Ruskin Bond: Celebrated Indian Author of Nature and Nostalgia
This botanical history post was featured on The Daily Gardener podcast:
May 19, 1934
Dearest reader,
On this day, we celebrate the birth of Ruskin Bond (books about this person), an English-Indian author whose evocative prose and poetry have charmed readers of all ages for generations.
Born in the foothills of the Himalayas, his writing is awash with the spirit of the hills and the gentle rhythms of nature.
Ruskin’s novels, The Room on the Roof and Our Trees Still Grow in Dehra, earned critical acclaim, and beyond them, he has written hundreds of short stories, essays, and children’s books.
In The Room on the Roof, Ruskin wrote:
"I don't want to rot like mangoes at the end of the season, or burnout like the sun at the and of the day.
I cannot live like the gardener, the cook and water-carrier, doing the same task every day of my life...
I want to be either somebody or nobody.

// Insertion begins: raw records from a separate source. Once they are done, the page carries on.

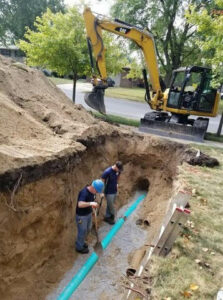 Two workers installing large pipes in a deep trench with an excavator for Hessville Plumbing in Hammond, IN.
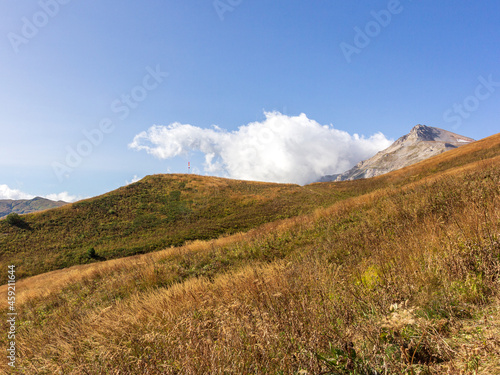 Panoramic views of the mountains from hiking trails in the mountainous area on a warm, sunny autumn day, walking and communicating with nature.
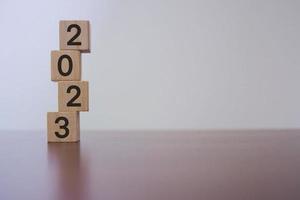 Lycklig ny år 2023. ny år bakgrund begrepp på trä- block. placerad på en trä- tabell. foto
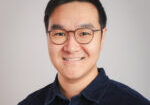 Dylan Chiu smiles for a profesional headshot against a light gray background. He is wearing a black collared shirt.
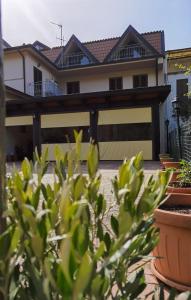 a house with a fence in front of it at Hotel Edelweiss in Laino Borgo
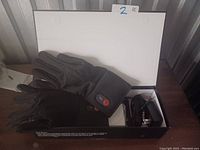 Photo of two black heated gloves with control modules and a charger with power cable placed on a flat surface.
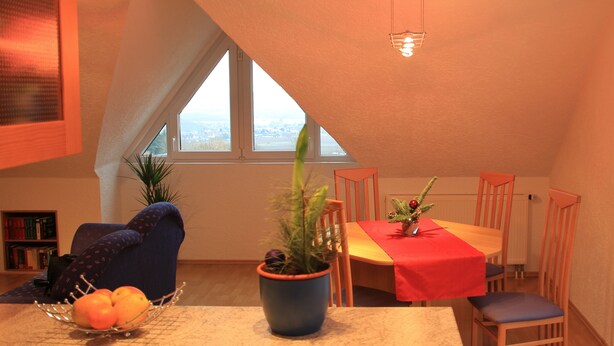 A dining area with a table, chairs, a potted plant, and a fruit bowl. - 3-star vacation apartment on the Rheinsteig with a magnificent view over the Rhine Valley (Rüdesheim am Rhein)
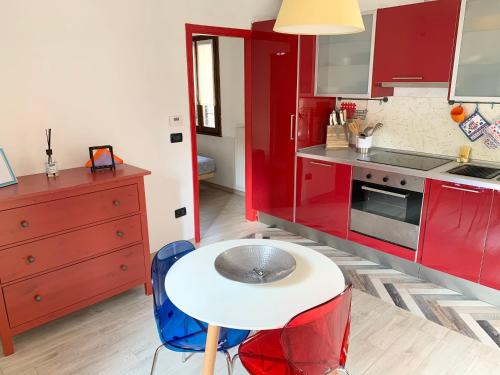 パドヴァにあるLa Bohemeのキッチン(赤いキャビネット、白いテーブルとスツール付)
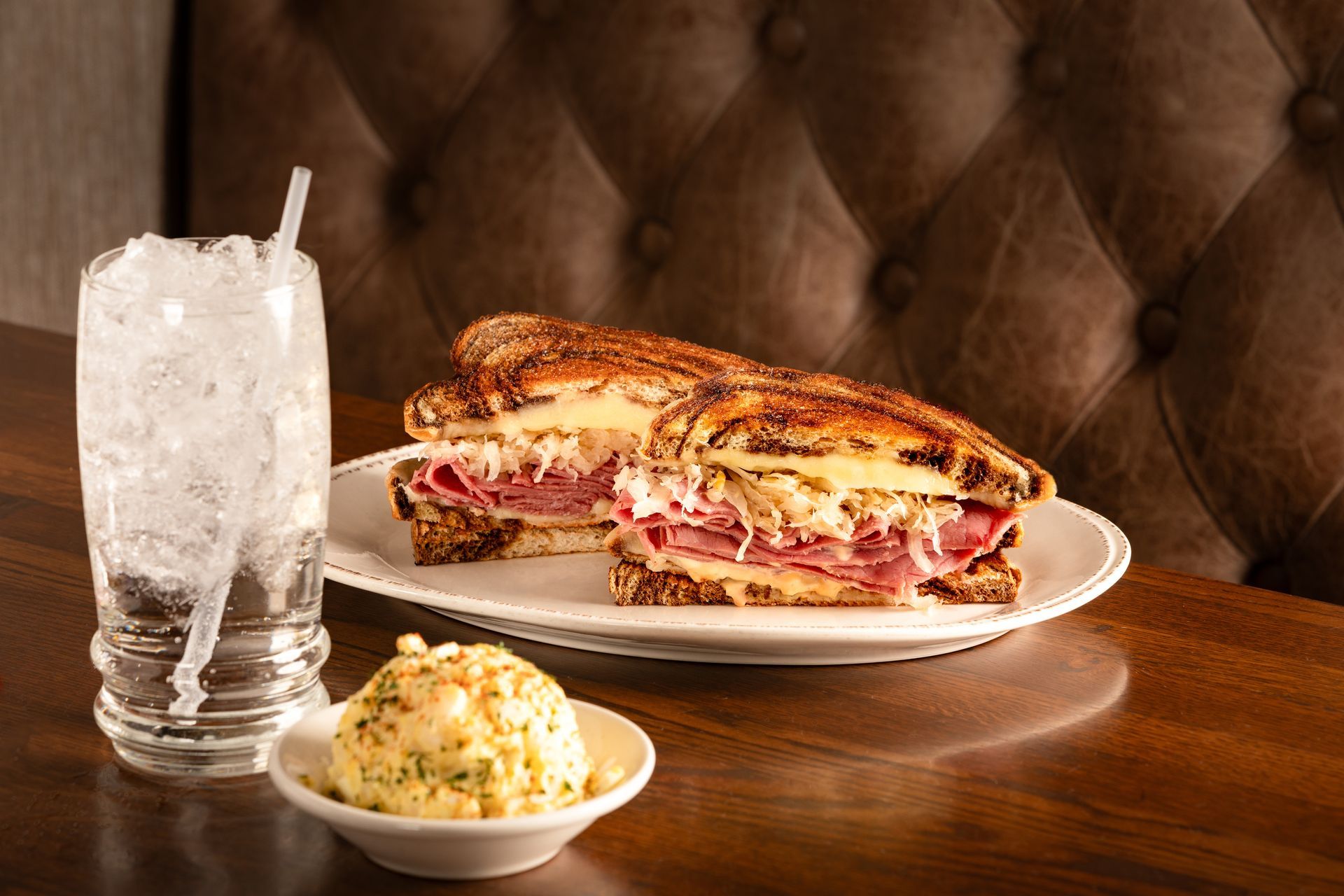 Reuben sandwich and potato salad on a plate, next to a glass of ice water on a dark wood table.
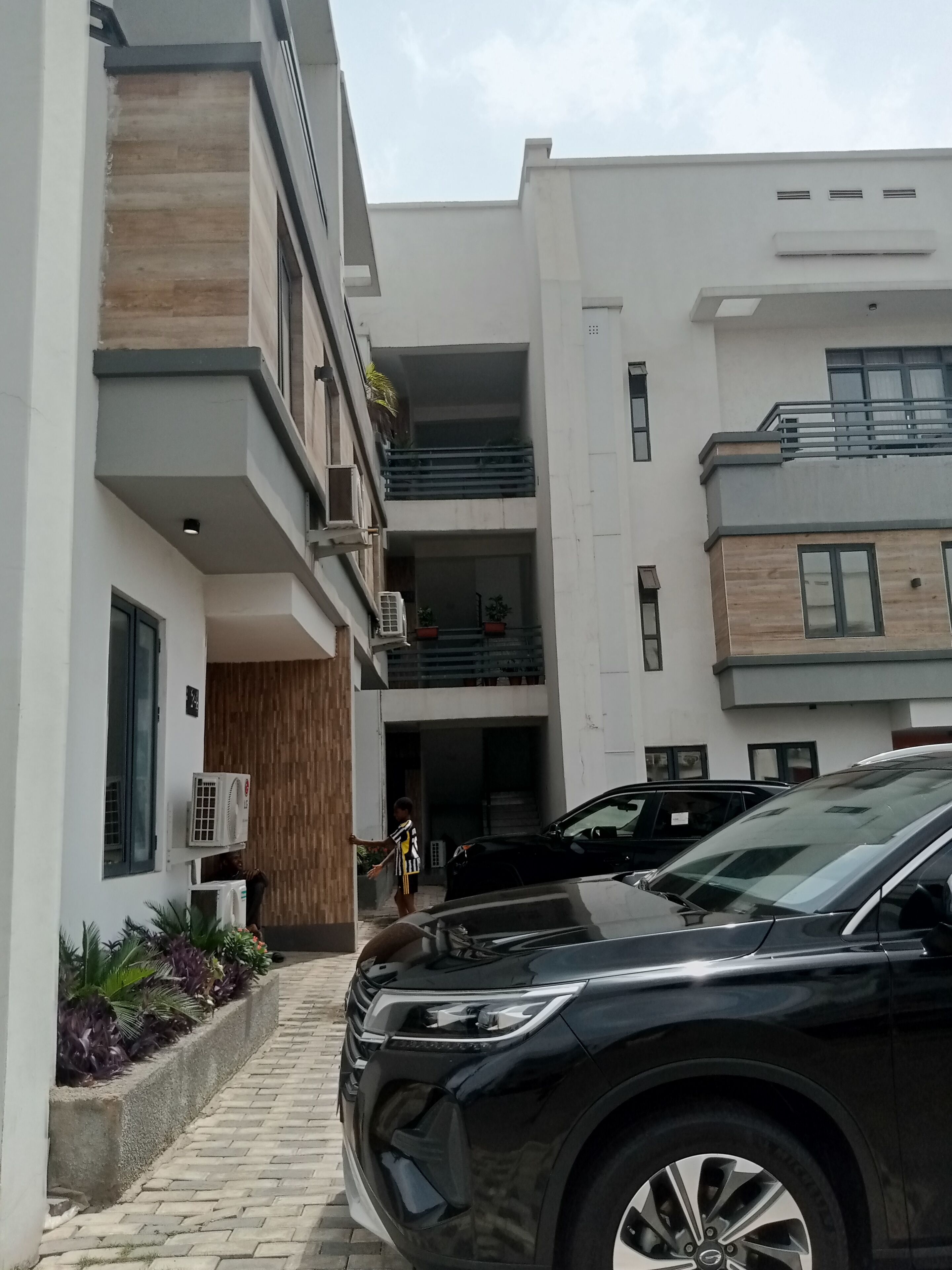 Um edifício moderno com entrada pavimentada, um SUV preto estacionado na frente e uma pessoa caminhando em direção à entrada.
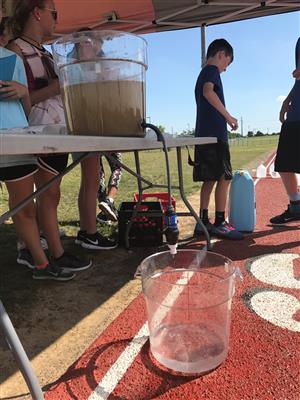 Students filling jugs with dirty water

I don't want to be anybody."
And in his evocative Rain in the Mountains: Notes from the Himalayas, he dreamt of a garden:
"Yes, I'd love to have a garden of my own--spacious, and full of everything that is fragrant and flowering.

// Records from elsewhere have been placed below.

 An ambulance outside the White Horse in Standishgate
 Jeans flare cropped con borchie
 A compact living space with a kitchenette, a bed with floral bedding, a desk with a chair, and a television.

But if I don't succeed, never mind--I've still got the dream."
Finally, in A Book of Simple Living: Brief Notes from the Hills, Ruskin confessed his friendly rebellion against botanical pedantry:
"Botanists have done their best to intimidate and confuse the nature lover.
But we should not allow ourselves to be discouraged; we have as much right to the enjoyment of wild flowers as they.

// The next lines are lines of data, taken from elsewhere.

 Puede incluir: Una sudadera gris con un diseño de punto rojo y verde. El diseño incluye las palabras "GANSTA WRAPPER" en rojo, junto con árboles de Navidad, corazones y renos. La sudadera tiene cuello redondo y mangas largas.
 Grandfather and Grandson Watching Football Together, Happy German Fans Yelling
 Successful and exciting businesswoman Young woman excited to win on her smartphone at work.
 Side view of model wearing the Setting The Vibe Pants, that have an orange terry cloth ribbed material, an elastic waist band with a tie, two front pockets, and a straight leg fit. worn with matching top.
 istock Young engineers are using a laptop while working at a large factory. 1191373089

So I will disregard the botanist and I will go looking for the pretty flower that I have named Merry Heart.
It is always nodding and dancing in the breeze. It is a happy flower, deserving of a happy, light name."
Dear gardener, do you not feel inspired to seek out your own “Merry Heart” in the wild, to listen to the gentle urgings of nature unencumbered by too much learned authority?
Ruskin Bond reminds us that the heart of a garden is not only in its blooms, but in its spirit—one of wonder, freedom, and cheer.